Marfa was a place suggested to me by several people I met along my trip. After reading a little about it and seeing a few pictures, I found there was a certain intrigue and mystery about it, so I made it my next destination after Austin on the way to El Paso. Simply put, it’s a small city in the middle of the desert in southwest Texas, and has been growing as a tourist destination since the late 70s.
One of the things everyone goes to see is the Marfa Lights, which are mysterious light orbs sometimes scene in the distance (looking south toward the Chinati Mtns.) that move & behave strangely- similar to Brown Mtn. lights in NC; they also go for the art scene featuring mostly minimalist styles, the scenery, and, of course the food.
If you like to eat, there’s a great offering. A grilled cheese parlor, a few fine dining spots, a lady that cooks burritos from her house, and a handful of other places in between. The only chains I recall are Dairy Queen and a dollar store. No Starbucks. No Walmart.
When I first arrived it was about midnight so I found a spot by a train bridge to sleep. The very next day I started my scouting. The first local, eclectic attraction I found was El Cosmico, which is a creative modern alternative to a hotel offering teepees, yurts, and vintage campers painted in all kinds of colors for lodging. They also have a gift shop with books, wardrobe, art, and such. You can even buy beer or wine. On top of that is a handful of different communal activities, like cooking or art. I obviously didn’t need to patronize the establishment for a place to stay this time around, but I did have a couple beers while I browsed through the shop.

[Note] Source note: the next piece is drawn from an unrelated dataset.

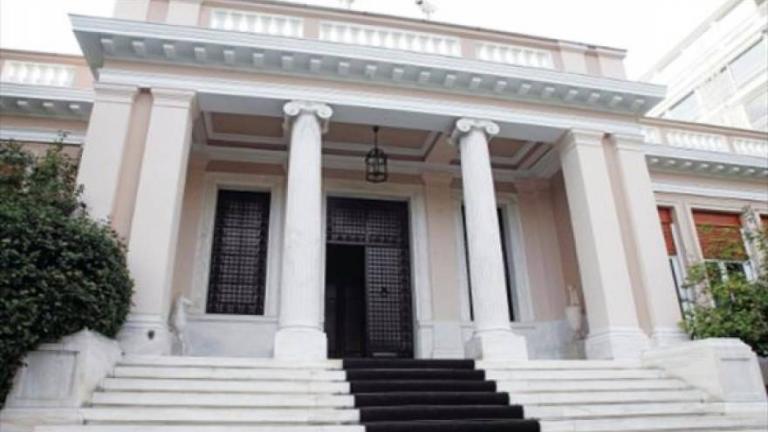 Έντονο παρασκήνιο! «Δώρο» οι περικοπές αν λυθεί το Σκοπιανό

I went outside to kick back and enjoy my last drink and I happened to meet one of the employees and we chatted for a little while. He said it would be cool if I wanted to sleep in the parking lot, which is what I ended up doing for my whole stay.
I eventually went to the viewing post hoping to see the lights, but they never showed up. However there was a big thunderstorm over the mountains so I had the chance to see a very impressive lightning display instead, and it lasted several hours. What made it especially cool was that it was so far away you couldn’t hear any thunder, and being in the flat of the desert you could see the whole storm system from end to end, top to bottom. There was actually a good thunderstorm every day during my 5 day visit and one night there was two. After the viewing post I stopped at the Lost Horse Saloon for a drink before heading back to the parking lot at Cosmico. I met a pretty cool local there who I had a good conversation with for a while, and he even bought me a beer.
One of the other main attractions is the Chinati Foundation which is basically a permanent museum/gallery with various art installations, mostly from Donald Judd. He basically bought up all the buildings in the old military base as well as half of all the property in Marfa (if not most of it). I think his art is genuine and has aesthetic and conceptual value, but it in my opinion it’s overrated; it’s literally a bunch of sculptures of boxes. You can make up your own mind.
On my way out of Marfa, I stopped to see the last popular sight which is Prada Marfa (however it was a surprise since I didn’t realize I would pass it on my way to El Paso. Prior to, I assumed it was somewhere else and didn’t bother to seek it out). It’s another permanent art installation about 20 or 30 miles going west. Prada Marfa is a fake Prada store. It’s a real building with real Prada merchandise inside, but it’s only an exhibit for viewing. A very “out of place” spectacle but with a subtle, surreal charm.
As you can see, my pictures tell a story and give some insight into the look & feel of the place, but they don’t give everything away either. I think it’s good to spark the curiosity and yet leave a lot for your own discovery should you ever visit. Overall, I liked Marfa quite a lot. I’ll definitely be visiting again on my way back to Maine and will continue to do so long after this road trip is over.